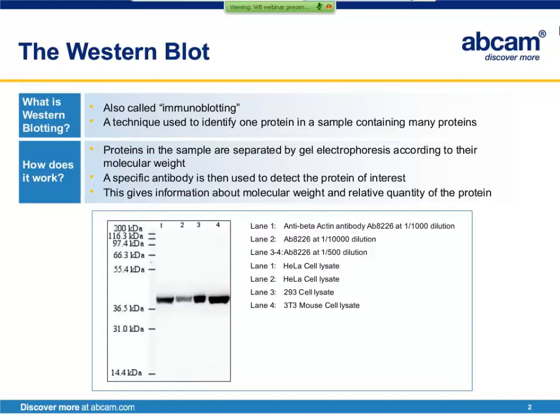For example, in this Western blot image, you can see that the band of interest, which is the control protein beta-actin, is around 38 kilodaltons when compared to these proteins of known molecular weight, which are run side-by-side with our samples. In lane two, less antibody was used to stain this particular sample, and so the band appears fainter than the others.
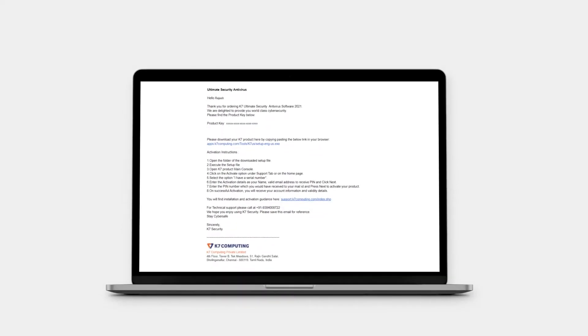After ordering the K7 antivirus, you will receive a mail with a product key and some installation steps.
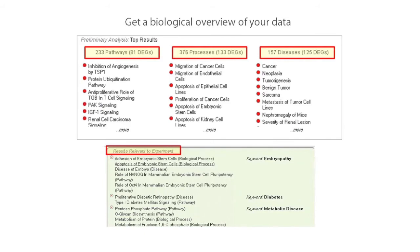Clicking on a result, such as adhesion of embryonic stem cells, will let you identify which of your differentially expressed genes are known to be involved in that topic, so you can go on to explore just those genes in more detail in iReport.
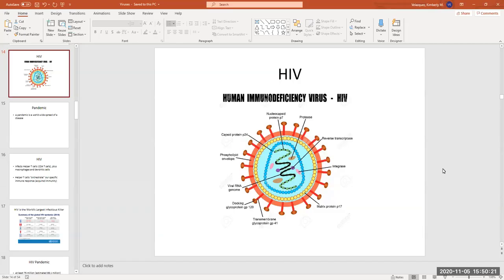Hi, this is Kim, and this video is about HIV. You should have already watched the general video about viruses and how viruses reproduce before watching this video.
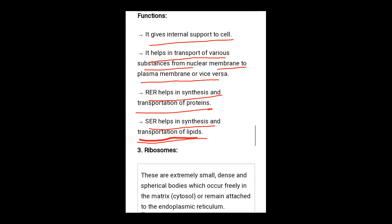Functions of the endoplasmic reticulum: it gives internal support to the cell through its network. It helps transport various substances from the nuclear membrane to the plasma membrane through channels. RER synthesizes and transports protein due to ribosomes on its membrane. Smooth ER helps in synthesis and transportation of lipids.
● ● ● ● ●
Each entry above needs to be restated without a single word changed; skip the images.

For example, in this Western blot image, you can see that the band of interest, which is the control protein beta-actin, is around 38 kilodaltons when compared to these proteins of known molecular weight, which are run side-by-side with our samples. In lane two, less antibody was used to stain this particular sample, and so the band appears fainter than the others.
After ordering the K7 antivirus, you will receive a mail with a product key and some installation steps.
Clicking on a result, such as adhesion of embryonic stem cells, will let you identify which of your differentially expressed genes are known to be involved in that topic, so you can go on to explore just those genes in more detail in iReport.
Hi, this is Kim, and this video is about HIV. You should have already watched the general video about viruses and how viruses reproduce before watching this video.
Functions of the endoplasmic reticulum: it gives internal support to the cell through its network. It helps transport various substances from the nuclear membrane to the plasma membrane through channels. RER synthesizes and transports protein due to ribosomes on its membrane. Smooth ER helps in synthesis and transportation of lipids.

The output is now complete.